Words by Greg Freeman, music by Annabelle Brown
Tacit Theatre
Southwark Playhouse (The Large)

Owen Findlay as Robin Hood Credit: Richard Worts
Rosalind Blessed as Rosie Bailey Credit: Richard Worts
Rosalind Blessed as Guard, Dora Rubenstein as Maid Marion and Owen Findlay as Robin Hood Credit: Richard Worts
Joe Mellinger as Jeffrey, Oliver Ashworth as Dave and Ellen Chivers as Kate Credit: Richard Worts
Tom Daplyn as the Sheriff Credit: Richard Worts
Owen Findlay as Robin Hood Credit: Richard Worts

As with its earlier rollicking representation of Chaucer’s Canterbury Tales, Tacit Theatre sets its new production in the Tabard Inn (which stood up the road in the Borough). The Large space at Southwark is given a surrounding upper level to suggest a medieval inn yard and Rosalind Blessed is there as Rosie Bailey, welcoming guests as Mine Hostess of the tavern.

This isn’t as bawdy and brash as the Chaucer but it is still full of vigour and lively invention.

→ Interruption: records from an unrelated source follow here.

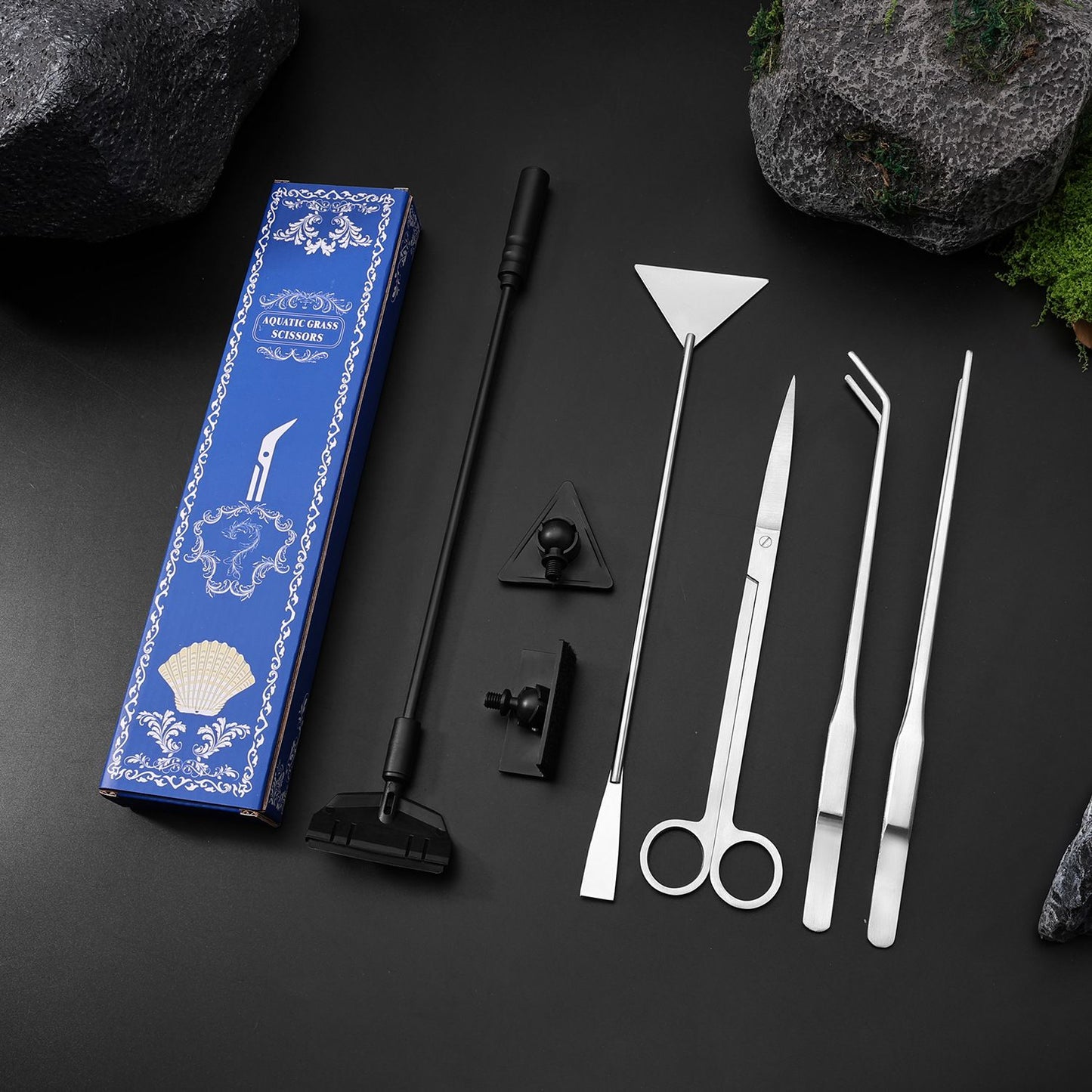 Silver Stainless Steel Aquarium Cleaning Tool Kit - 5 Piece Fish Tank Maintenance Set with Tweezers Scissors V888-ELOSUNG51025
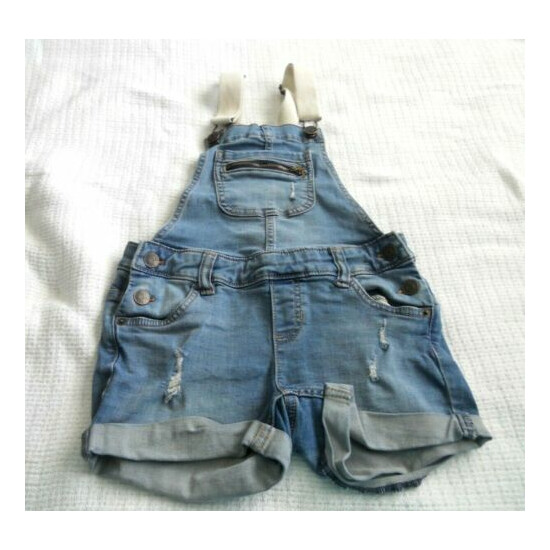 JUSTICE GIRLS SHORTALL BIB OVERALL DISTRESSED SHORTS ~SIZE 8 image {1}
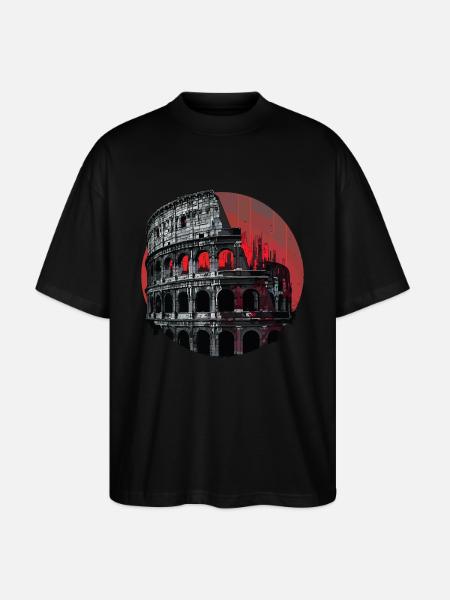 Colosseum Roma Italia bysilhuettkunst - Stanley/Stella Blaster 2.0 Økologisk Oversized Unisex T-skjorte - svart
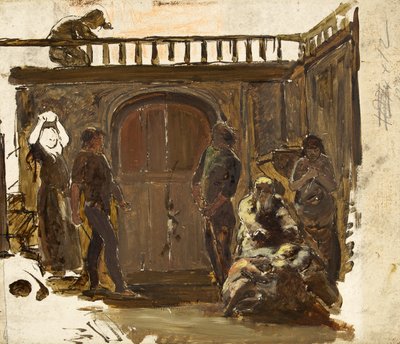 Vázlat a veszekedéshez (olaj, papír) alkotó: Paul Falconer Poole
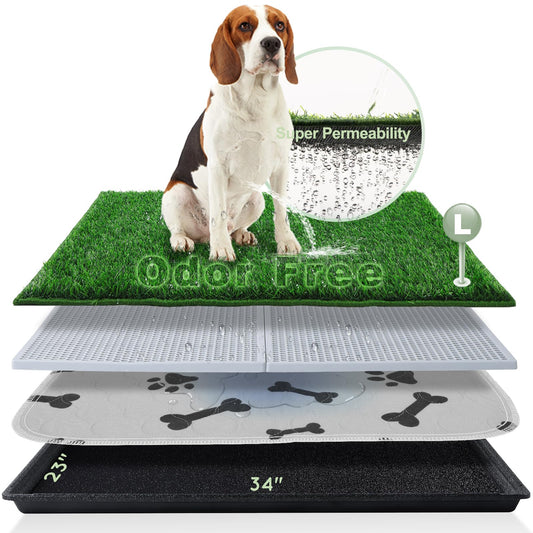 HQ4US 4LEGS Dog Grass Pad with Tray Large 34’’×23’’, Ultra-Absorbent Artificial Grass Pad for Dogs Potty Grass Hemmed Edge for Indoor Potty Training, Reusable Dogs Pee Pads, Dog Litter Box for Balcony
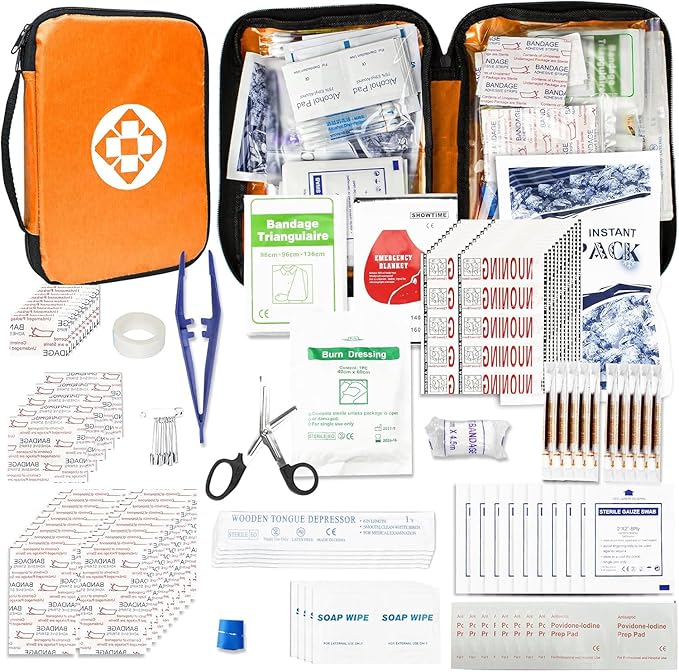 300Piece Portable First Aid Kit Refill Supplies for Car Mini Caming Emergency First Aid Kit Hiking Survival Essential Kit for Outdoor Adventure Emergency Case, Orange 1st Aid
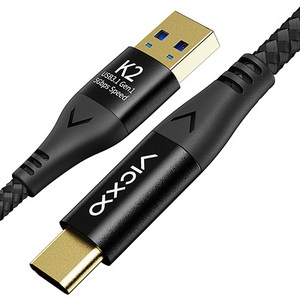 빅쏘 단선방지 USB C타입 고속 충전 케이블, 1.2m, 블랙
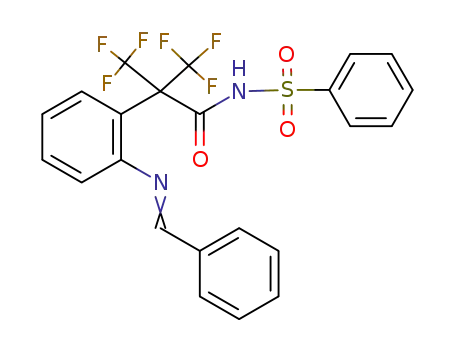 N-[3,3,3-Trifluoro-2-(2-{[1-phenyl-meth-(E)-ylidene]-amino}-phenyl)-2-trifluoromethyl-propionyl]-benzenesulfonamide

What, you may ask, is Robin Hood doing in Southwark? Surely he should be up north in Sherwood Forest or Nottingham, where he lives in the depths of the green wood? Indeed, that is where most of his merry men still are, but he’s got urgent business in London: Maid Marion is in the Tower and it is his fault that she is imprisoned there. He has a scheme, he admits “riddled with risk,” for he and Will Scarlet to free her.

That is the main strand of the story but this isn’t just one Ballad of Robin Hood: Tacit sets about telling us several (drawn from a Victorian collection that includes over forty) and they don’t all show Robin in a good light, though he still stays our hero.

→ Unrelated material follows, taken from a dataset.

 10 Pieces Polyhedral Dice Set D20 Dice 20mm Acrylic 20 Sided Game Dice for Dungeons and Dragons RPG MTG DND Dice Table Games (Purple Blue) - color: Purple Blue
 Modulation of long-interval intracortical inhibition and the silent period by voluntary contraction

Tavern regulars Jeffrey (Joe Mellinger) and Dave (Oliver Ashworth) and Ellen Chivers’s minstrel Kate are there to provide most of the music. Though their mandolin, accordion and violin are anachronistic, it is composed with a medieval lilt by director Annabelle Brown. Things get going with them dancing some dizzy-making kickshaws.

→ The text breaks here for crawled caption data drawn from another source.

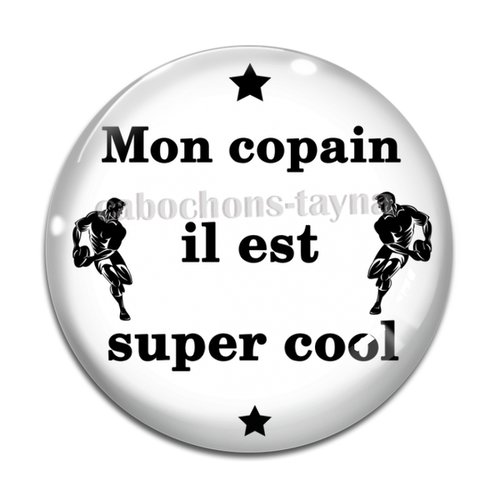 Cabochon un copain super cool, en résine ou en verre différente taille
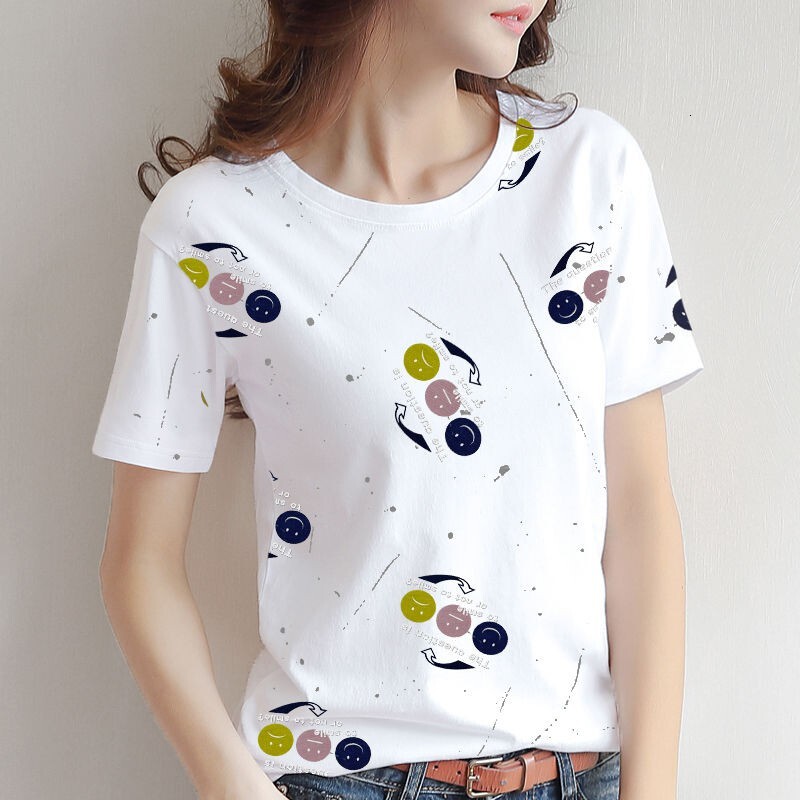 2024 Al2024 Printed Short Sleeve T-shirt 95 Cotton Loose and Versatile Round Neck Women's Top Trendy Bogu123.sg 8.17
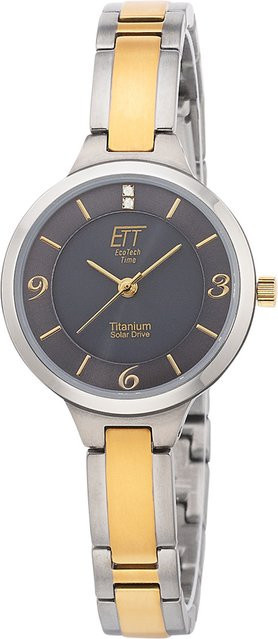 ETT Damenuhr Solar, Titan, Grau, 28 mm - Bild 1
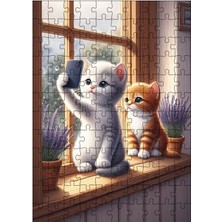 Tablomega Ahşap Mdf Puzzle Yapboz Selfie Çekilen Kediler 120 Parça 25*35 cm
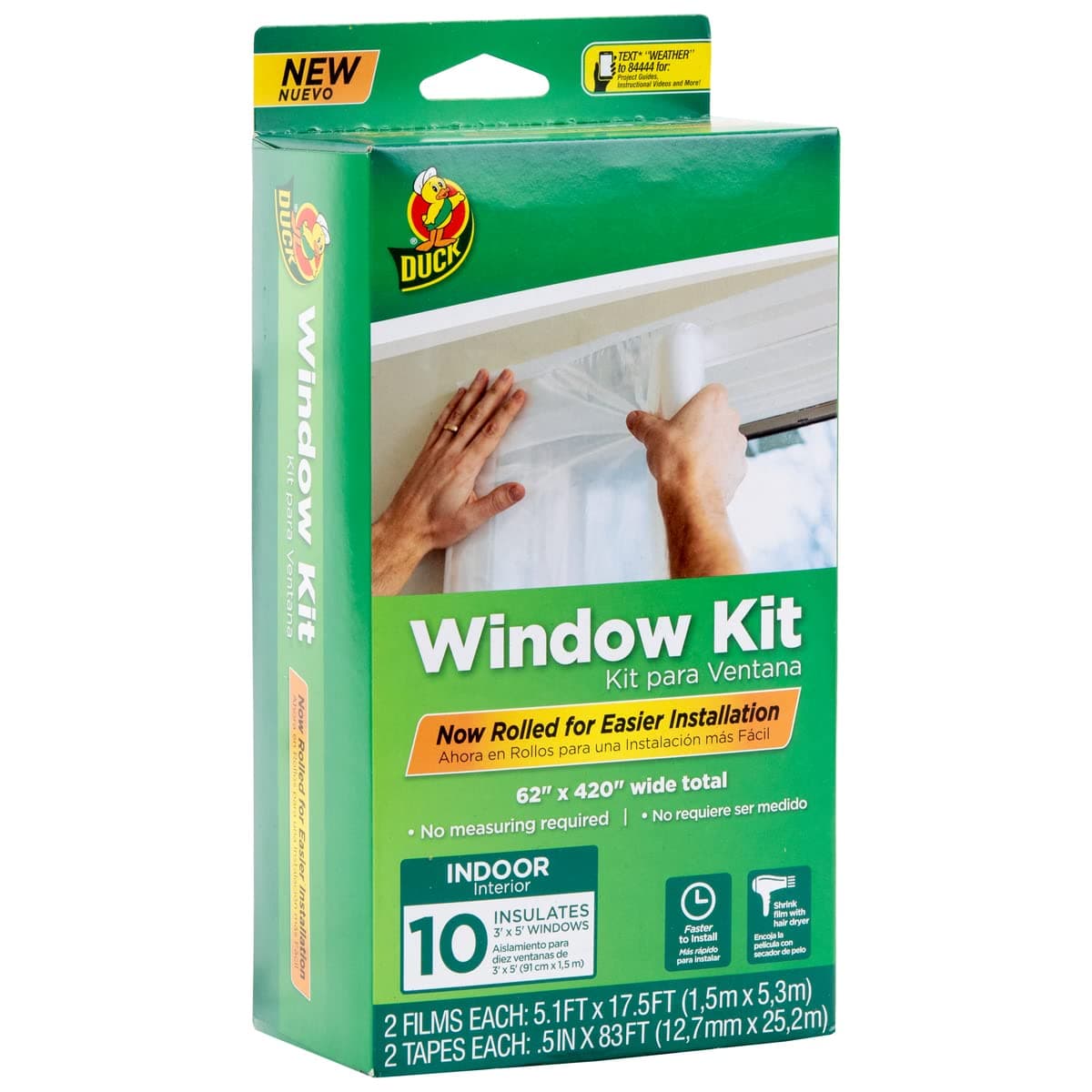 Duck Brand Window Insulation Kit - Winter Seal Kit Fits up to 10 Windows - Rolled Shrink Film Cuts to Size for Easy Indoor Installation - Tape Included - 62 In. by 420 In.- Clear
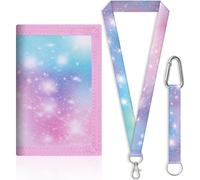 SUNDEE Portafoglio bambini con cordino da collo per ragazzi e ragazze, portafogli tripla pieghettati con portachiavi e portamonete con cerniera per regali, portafoglio originale (Lilla Cielo),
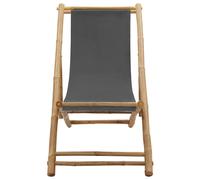 Berkfield Home Deck Chair Bamboo & Canvas Dark Grey Berkfield Home Grey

When Robin turns up, he is already the prisoner of a sheriff who tries to get Jeffrey and Dave to fetch soldiers but they prevaricate and start stories exploring his reputation, including an encounter with two terrified Churchmen.

Robin is an outlaw but, as Rosie Bailey reminds us, that doesn’t mean he’s a bad man (though some are). It just means he is outside the law and not given its protection. However, he says being thought violent can be an asset. He doesn’t have to do any robbing; people are so frightened they just throw money at him.

Owen Findlay is a swashbuckling Hood with enough charisma to make you overlook the way he has let down Dora Rubenstein’s weapon-trained Maid Marion and Tom Daplyn is just priggish enough as the Sheriff to ensure we are on Hood’s side. They are at the nub of the story but this is an ensemble show with all the company working closely together.

Greg Freeman’s script slips in a few present-day parallels: for instance foreigners in London (even Jeffrey is an outsider from Essex) and those who dispense charity holding back a bit for themselves. But this Ballad doesn’t set out to be satirical; it is a tongue-in-cheek look at a legend that sets out to be fun.

It succeeds, and keeps the fun going until Marion and Robin go back bickering to the green wood and the King punishes the incompetent Sheriff by sending him off into the sticks to be Sheriff of Nottingham.